In Samoa, the recovery process will be facilitated by the fact that the damage, although extensive, is confined to one area, according to Peter Muller, the regional disaster response adviser to the United Nations’ Office for the Coordination of Humanitarian Affairs.

Mr. Muller says that a 25-mile strip of Upolu’s southeast coast was devastated, extending 100 to 200 yards inland. “That’s where there’s heavy damage, with some places completely wiped out," he says. "It’s very bad but it’s localized. The moment you move beyond that strip, everything is intact, and the roads have been cleared rapidly, so there’s access to deliver aid and services and evacuate the injured.”

In America Samoa, where the aid effort is being steered by the US Federal Emergency Management Agency, the impact was less extensive. The capital, Pago Pago, suffered the worst destruction, followed by the village of Leone, where an estimated one-third of buildings were leveled. More than 2,000 American Samoans are living in temporary shelters.

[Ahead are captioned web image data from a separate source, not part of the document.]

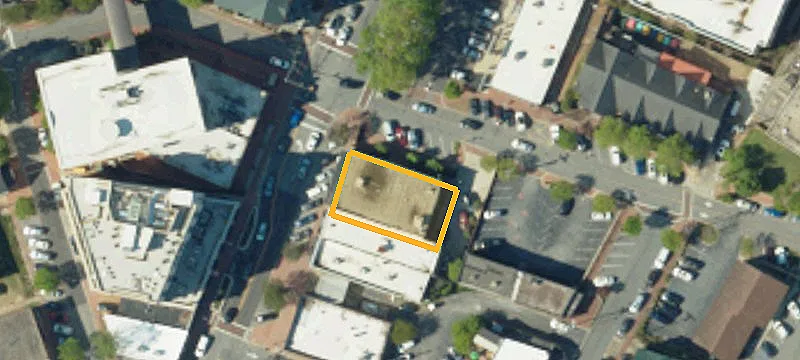382 College Ave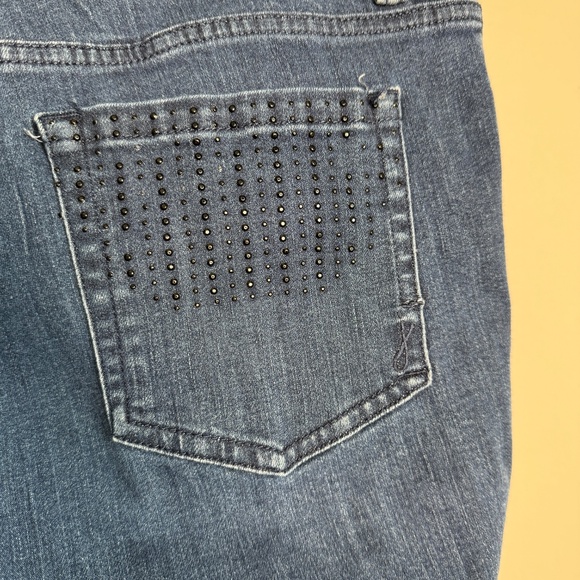 Jones New York Women's Lexington Straight Missy Jeans Medium Wash 12 Short - Picture 5 of 16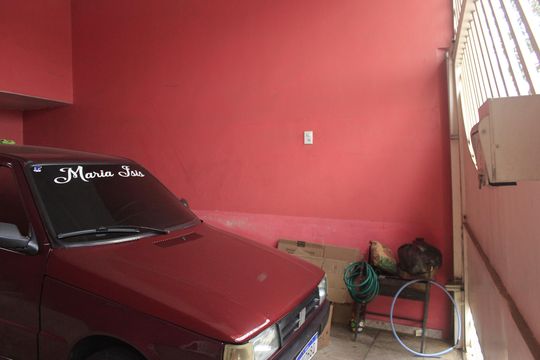 Garagem de casa à venda com 3 quartos, 200m² em Jardim Cumbica, Guarulhos
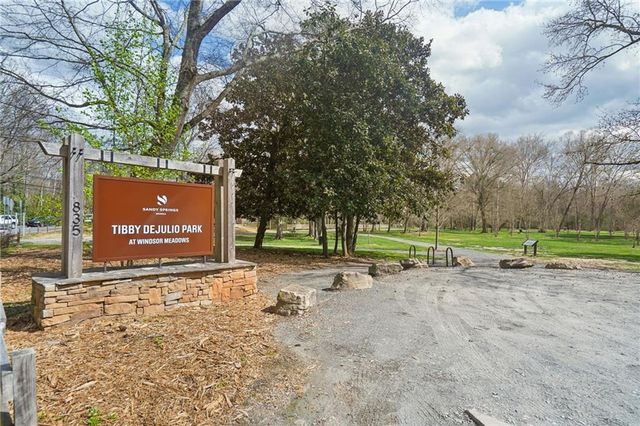 4915 Northway Drive NE, Sandy Springs, GA 30342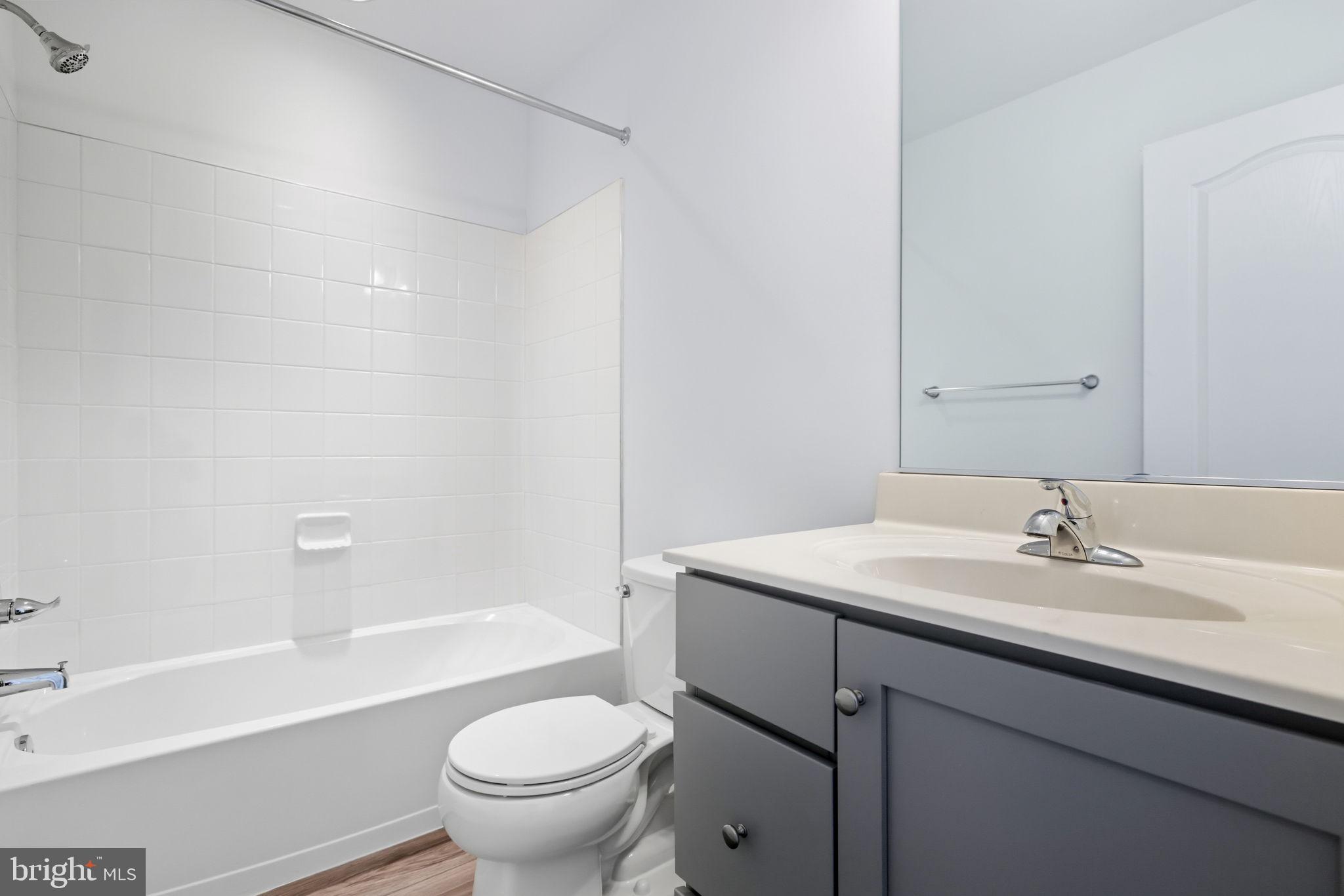 MCCAULEY CROSSING - Residential Lease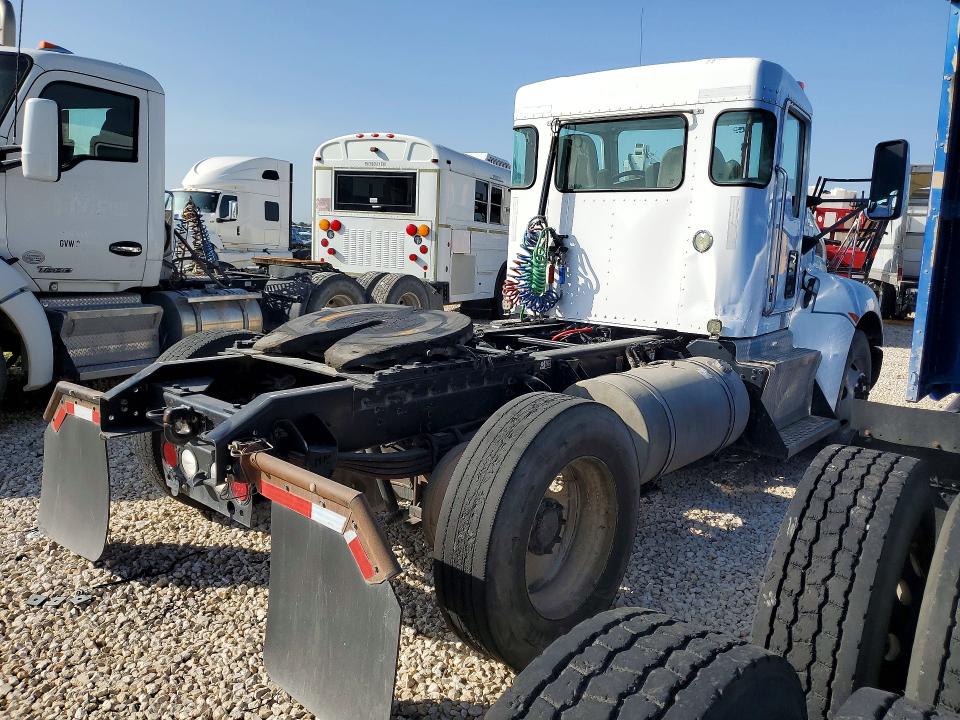 2015 Kenworth All other VIN 2XKHAJ7X3FM462674 COPART salvage auction — NORMAL WEAR, CT, sold $5,200 on 2026-09-03 (photo 3)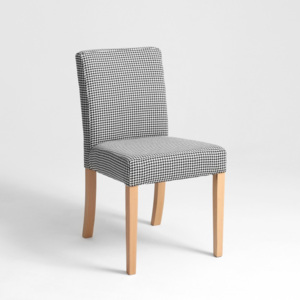 Černobílá židle s přírodními nohami Custom Form Wilton
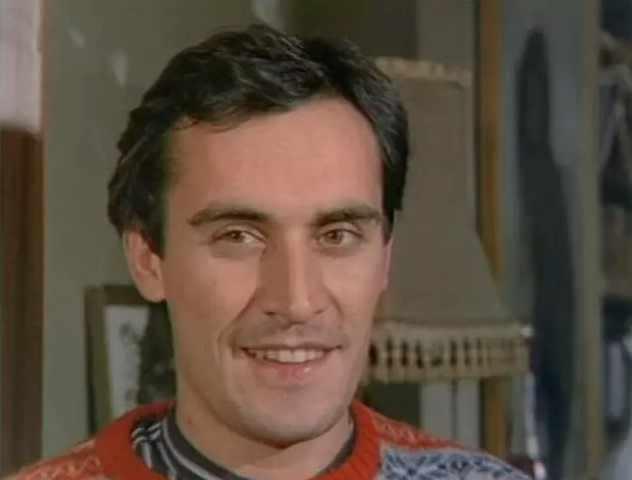 Yeilam'da canlandrd kt karakterle tannan usta oyuncu Eray zbal'n deiimi herkesi artt. zbal'n yllar iindeki deiimi nerden nereye dedirtti.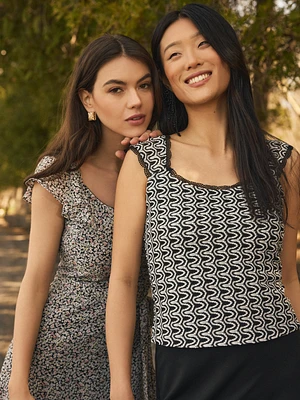 Sleeveless Zig-Zag Crochet Top
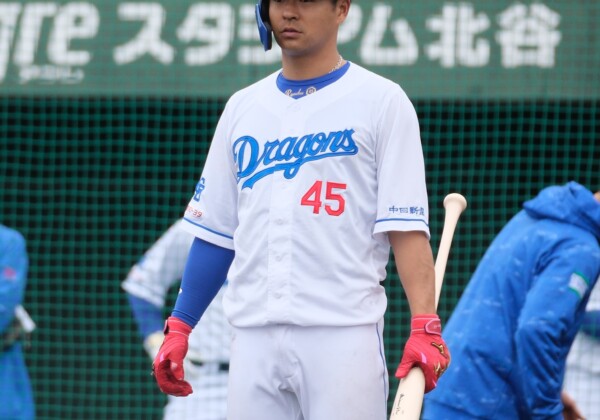 中日の土田龍空が8回に阪神の桐敷拓馬の死球を背中に受けて骨折（資料写真・黒田史夫）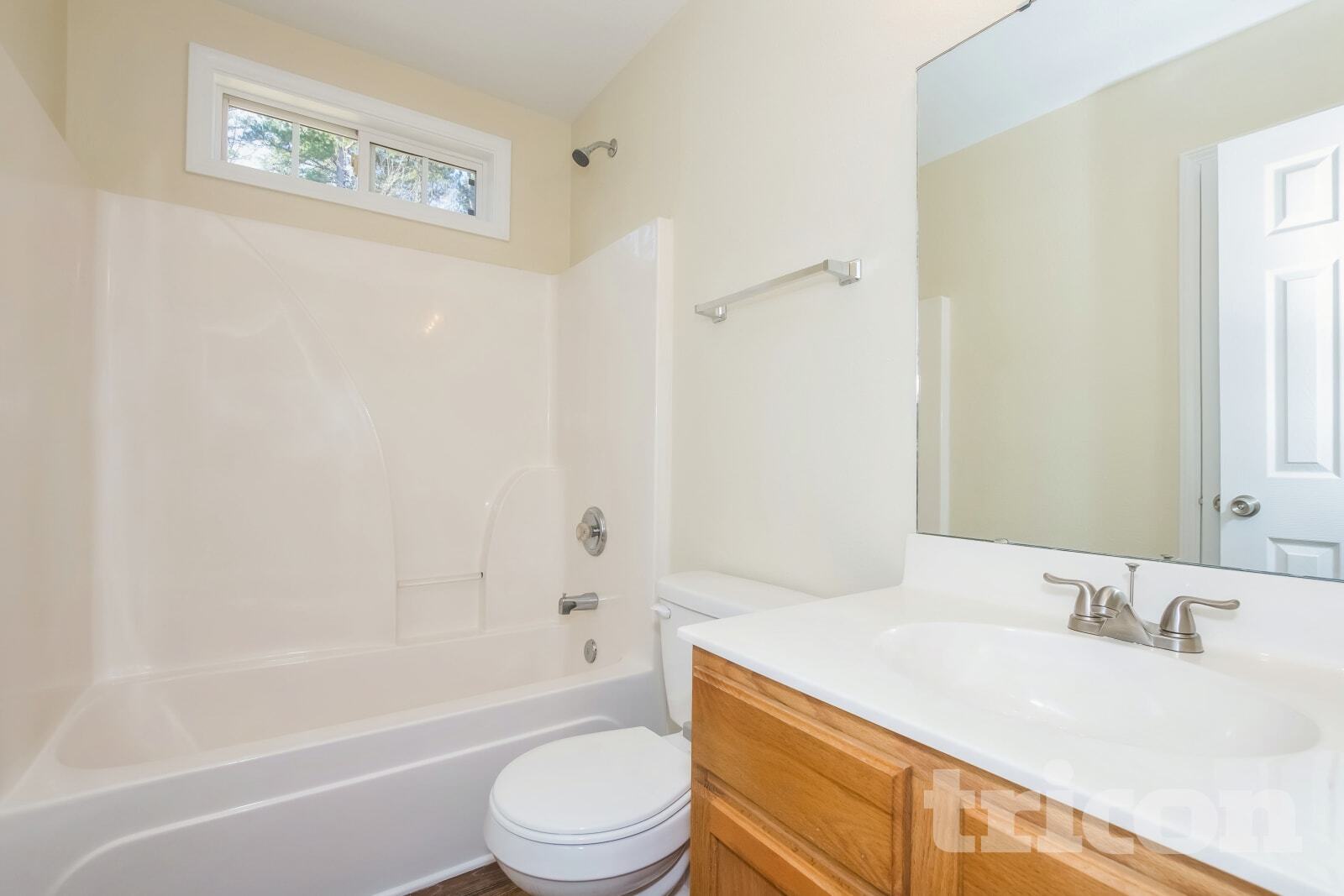 Building Photo - 10437 Hugue Way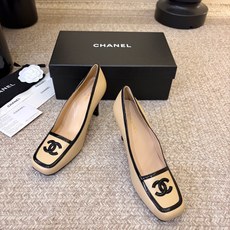 Chane*26ss夏季新款方头高跟单鞋 自带优雅复古感的拼色T字带高跟凉鞋,利落的尖头剪裁搭配经典的黑白拼色鞋头,T字 Chane*26ss夏季新款方头高跟单鞋 自带优雅复古感的拼色T字带高跟凉鞋,利落的尖头剪裁搭配经典的黑白拼色鞋头,T字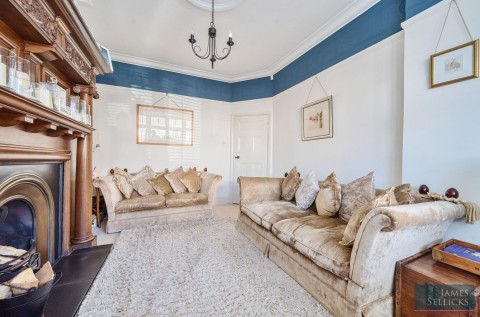 Click the photo for more details of Dovedale Road, Stoneygate, Leicester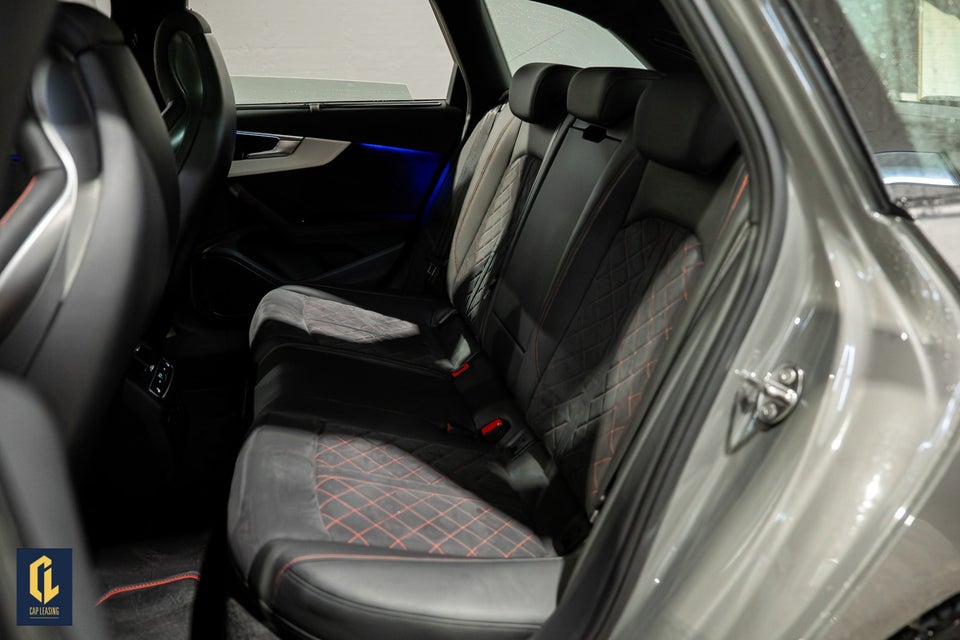 Audi A4 40 TFSi S-line plus Avant S-tr. 5d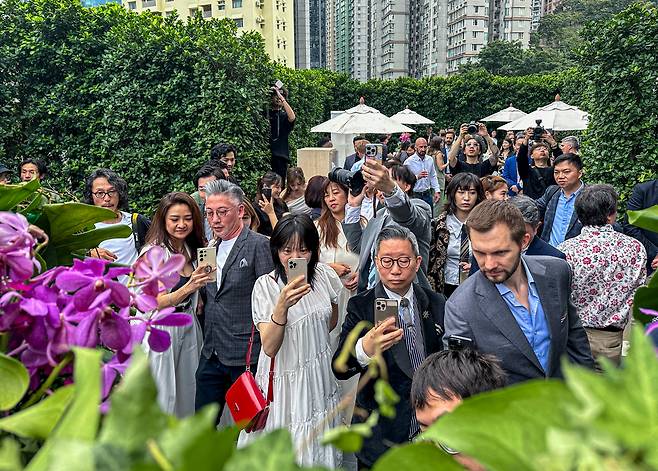 지난 26일, 홍콩 어퍼하우스에서 열린 더 글렌그란트 65년 런칭 행사. 글렌그란트 65년이 공개되고 있다. /김지호 기자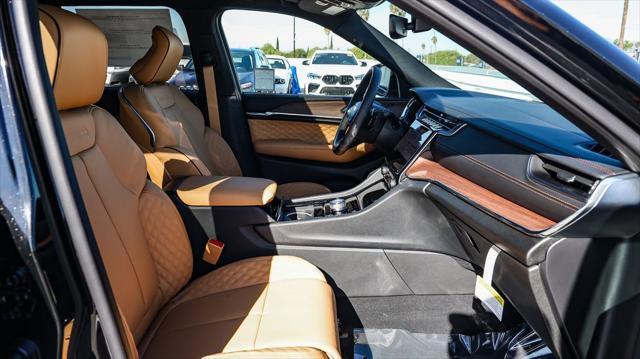 new 2025 Jeep Grand Cherokee car, priced at $53,450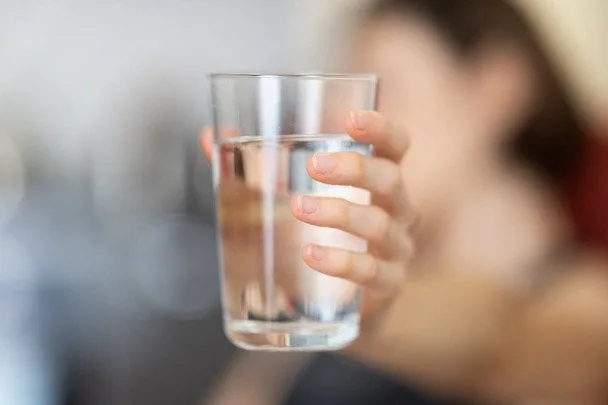 Скільки води потрібно пити для роботи мозку: наукова відповідь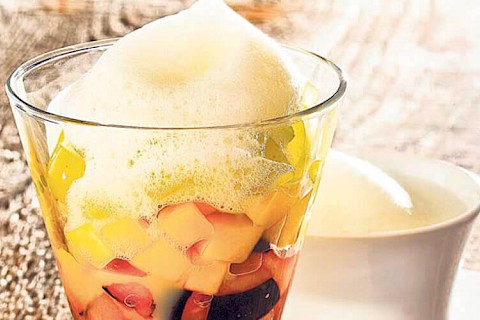 Früchte-Cocktail mit Trauben-Schaum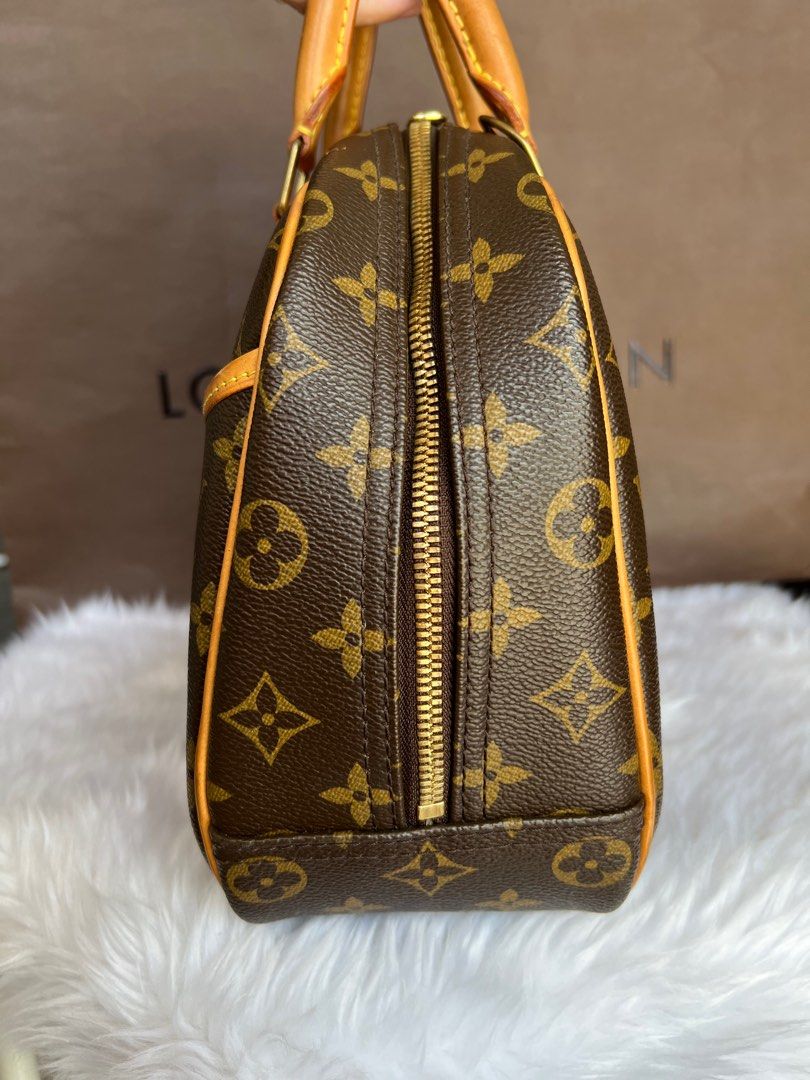 Louis Vuitton Deauville or Trouville LV Handbag, Women's Fashion, Bags &  Wallets, Purses & Pouches on Carousell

Electricity and water supplies have been restored to about half the affected areas in both Samoa and American Samoa. In the latter, generators will supply power to nearly everyone within the next few days, FEMA’s coordinating officer, Ken Tingman, told AP.

In Samoa, 40 villages – albeit some very tiny – were struck by the tidal waves crashing ashore last Tuesday, says Muller. At least four resorts were flattened, along with 20 or more small-scale operations that rented traditional huts, or fale, to tourists. Altogether, the tourism industry has lost about one-quarter of its accommodations on Upolu’s southeast coast.

The coastal stretch, with its white sand beaches, is one of Samoa’s most popular destinations. But Ms. Sass told AP that many tourists did not realize only a relatively small area had been hit. “We’ve had to try to convince people that it’s not the whole country that’s flooded. Infrastructure is still in place and the cleanup is going really fast,” she said.

Muller says locals are already fixing damaged houses, or camping on their land in temporary shelters. However, rebuilding presents not only a logistical but also a psychological challenge. Many Samoans are terrified of returning to the coast, fearing the ocean may once again turn deadly.